Update West Bank Settler Violence
A Decade of Impunity: The Tenfold Rise of Settler Violence
In 2023, documented attacks more than doubled to 2,410. The following year pushed even higher to 2,971, the worst year on record. This explosion in violence correlates directly with the period following October 7, 2023, during which settler militias mobilized openly and Israeli authorities largely suspended enforcement against settler violence in the West Bank.
November 26, 2025 · 2 min reading
10-year visualization of settler attacks across the West Bank. Data provided by the Colonization & Wall Resistance Commission.
10-year visualization of settler attacks across the West Bank. Data provided by the Colonization & Wall Resistance Commission.
Over the past decade, documented settler attacks across the West Bank have increased nearly tenfold, transforming from a persistent but contained problem into what can only be described as a systematic, government-coordinated campaign of violence with the intent to erase Palestinian communities.
Between 2015 and 2017, annual attacks averaged around 510, with 2016 and 2017 representing relative lows of 299 and 284. The years that followed saw a gradual climb, crossing 1,000 annual incidents for the first time in 2021, then reaching nearly 1,200 in 2022. But nothing prepared communities for what came next.
In 2023, documented attacks more than doubled to 2,410. The following year pushed even higher to 2,971, the worst year on record. This explosion in violence correlates directly with the period following October 7, 2023, during which settler militias mobilized openly and Israeli authorities largely suspended enforcement against settler violence in the West Bank.
The geographic pattern reveals deliberate, persistent targeting. The Nablus governorate bears the heaviest burden, absorbing more than a quarter of all attacks over the past three years — 2,044 documented incidents. Hebron and Ramallah follow closely, each recording over 1,400 attacks during the same period. Together, these three governorates account for roughly two-thirds of all settler violence, corresponding to the concentration of settlement outposts and bypass roads fragmenting Palestinian communities in the northern West Bank.
Perhaps most striking is the transformation of the Jordan Valley. The Jericho governorate recorded just one attack in 2017. By 2024, that number had climbed to 140 — a staggering increase that reflects intensified pressure on Palestinian herding communities and Bedouin villages in Area C, where annexation efforts have accelerated.

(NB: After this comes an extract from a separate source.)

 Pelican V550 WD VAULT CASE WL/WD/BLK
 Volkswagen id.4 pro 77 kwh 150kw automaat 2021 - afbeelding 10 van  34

The 2025 data, already showing 2,153 attacks, suggests this year will likely match or exceed the previous record. What the numbers cannot capture is the cumulative toll: the families driven from agricultural land, the children afraid to walk to school, the communities slowly strangled by violence that operates with near-total impunity. The trajectory is clear, and without intervention, it will only continue.